Good business basics: State infrastructure and services have been taken hostage
No ransom is going to be big enough to ensure its release.
It has become patently clear that government procurement, in all its forms, including investment decisions by state owned entities (SOEs) has become nothing more than a vehicle for staggering enrichment and rent seeking by well connected individuals.
It has just come to light that a R1.7bn investment in an unlisted company, one Bounty Brands, by the Unemployment Insurance Fund (UIF) has had to be written down to a mere R2m over a period of less than five years.
This investment was ostensibly done by the Public Investment Company (PIC) on behalf of the UIF. While we have become accustomed, almost blasé about SOEs shedding billions through poor investment decisions, it has been revealed that a ‘finders fee’ of R47m was paid to one Lawrence Mulaudzi, in 2018.
Worse still, Mulaudzi was a director of the company that sold part of its holdings in Bounty Brands to the UIF. Of course, we remember that the PIC has not covered itself in glory over the past few years with some of its (to be diplomatic) less than stellar deals like the one with Iqbal Surve’s Ayo Technology Group.
Then of course, all the seedy details were revealed at the Zondo Commission of the goings on at Transnet and Eskom under the watch of Brian Molefe and Anoj Singh.
The two that stand out amongst many is the debt swaps that were supposed to save Transnet millions, but did nothing but enrich the likes of Trillian’s Salim Essa, and Regiments Capital’s Eric Wood by the hundreds of millions.
Then we have the procurement of locomotives, the tender amounts for which doubled and trebled over 12 months, scoring Gupta acolytes commissions in the hundreds of millions as well.

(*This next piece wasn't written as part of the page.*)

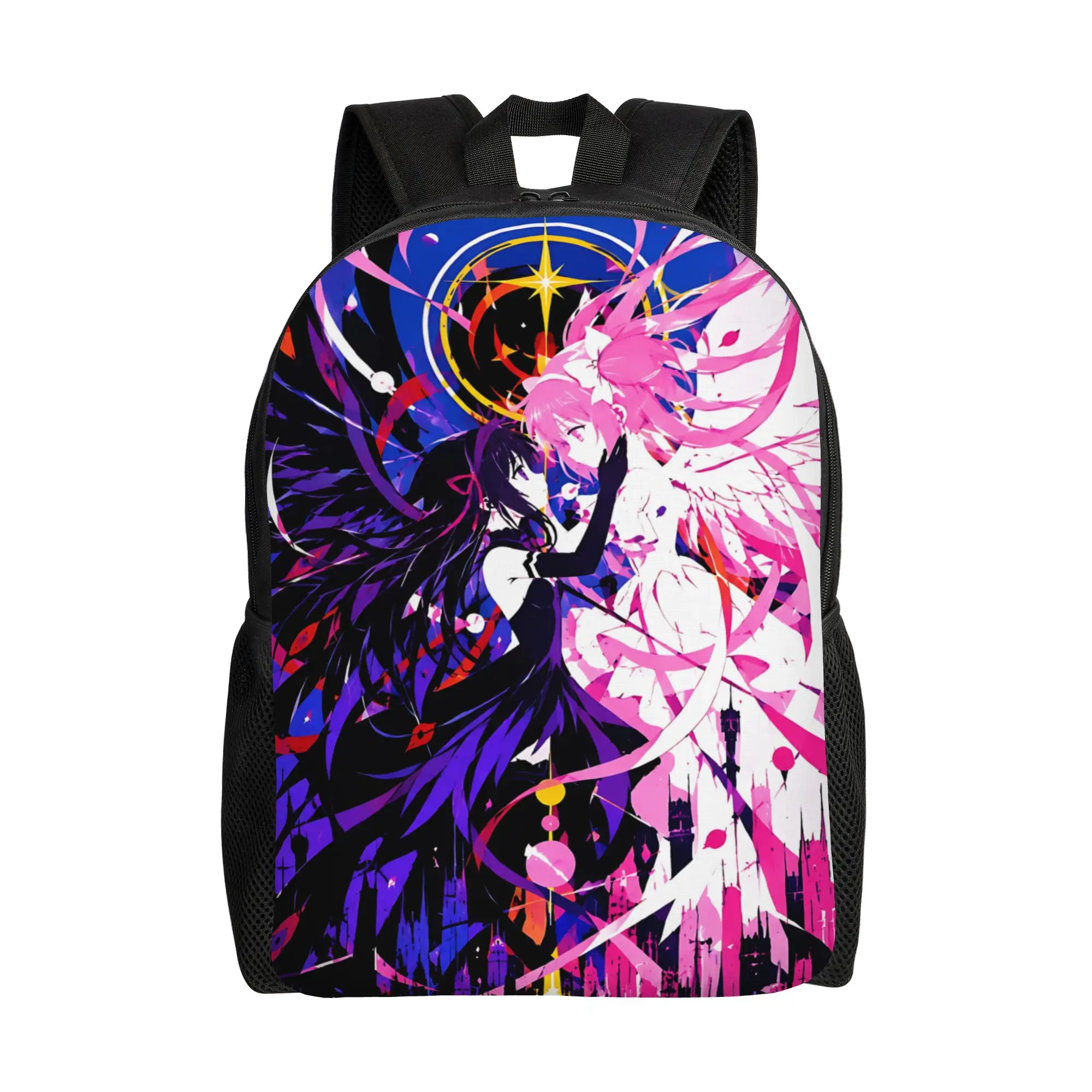 1Piece Both New School Year Storage Bag Madoka Female  Backpack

It must be noted that eight years after the awarding of the tenders, the full complement of locomotives is yet to be received.
A few years back, the Strategic Fuel Fund, under the watch of Minister Joemat Petterson decided to sell millions of barrels of the country’s strategic fuel stocks ostensibly for ‘rotation’ purposes. It turned out that the oil was sold at a much lower price than the prevailing market prices to three trading companies.

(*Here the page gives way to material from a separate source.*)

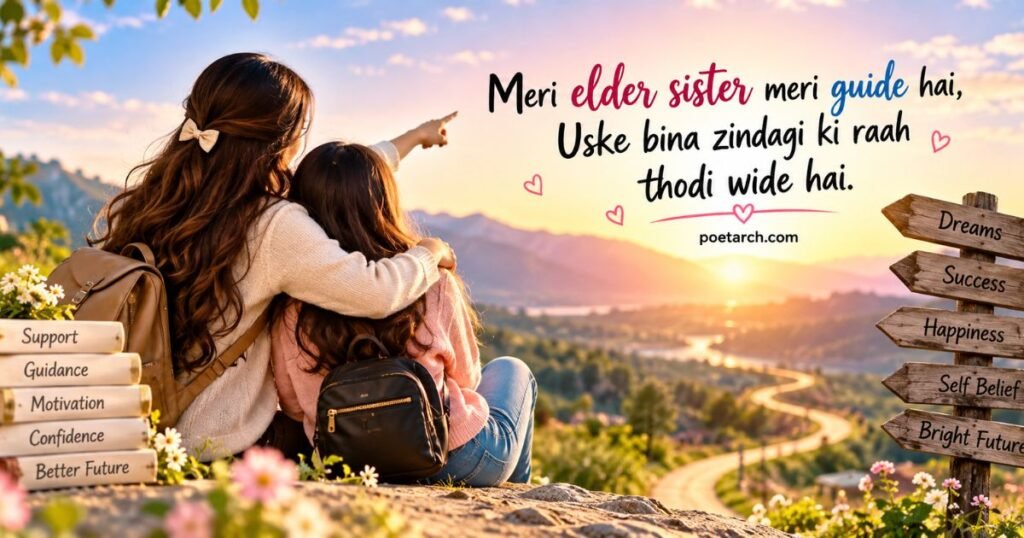 Elder Sister Shayari in English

Of interest here is that the newly minted CEO (three months in the post) scored in excess of R20m into his personal bank accounts soon after the transactions. Finally, we have the wonderful concept of the ‘unsolicited bid’ , where service providers approach government departments with products or services that they believe will benefit the country and its citizens in some way.

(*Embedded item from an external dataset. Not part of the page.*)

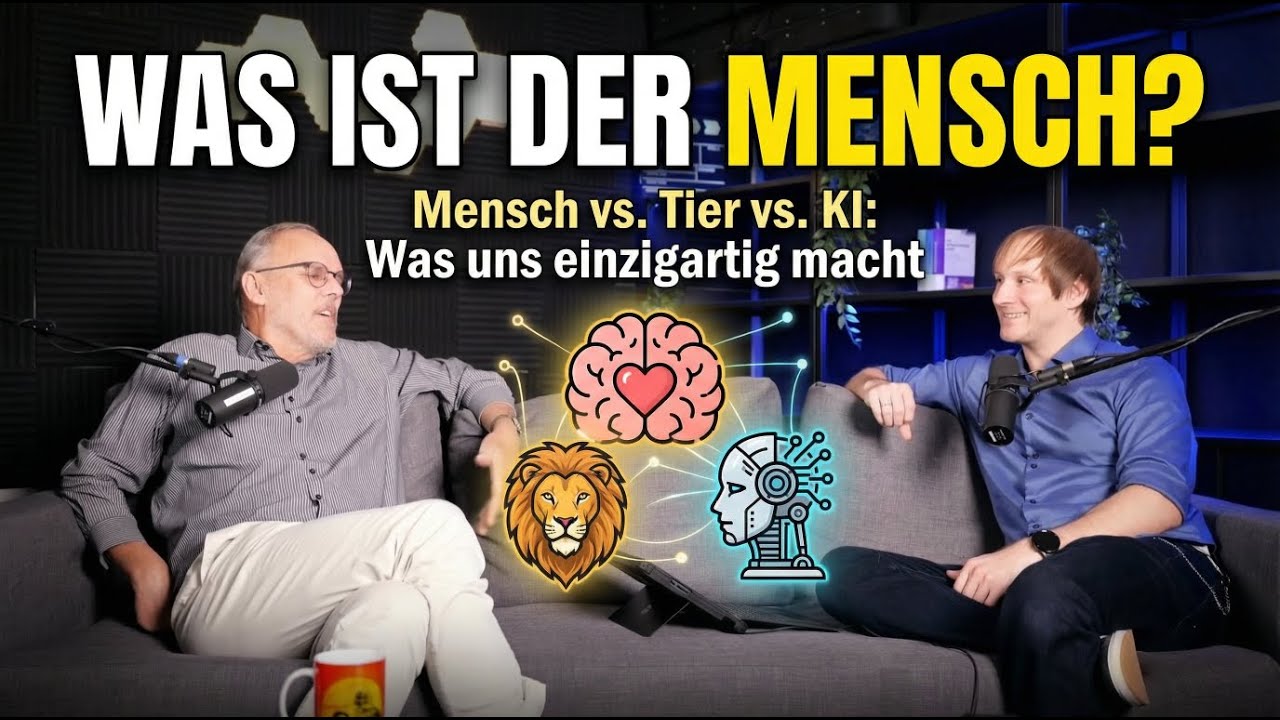 [Ungekürzt] Was ist der Mensch? | Podcast mit G. Eber & M. Piller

This was the vehicle that Edwin Sodi and his merry band of thieves (allegedly including then Premier, and more recently suspended ANC Secretary General Ace Magashule) used to extract over R250m from the Free State government to audit and replace asbestos roofs on existing government housing stock.
The provision of state infrastructure and services has been taken hostage. No ransom is going to be big enough to ensure its release.
Vijay Naidoo is the CEO of the Port Shepstone Business Forum. He writes in his personal capacity. The views expressed are the author’s own and do not necessarily reflect those of this publication.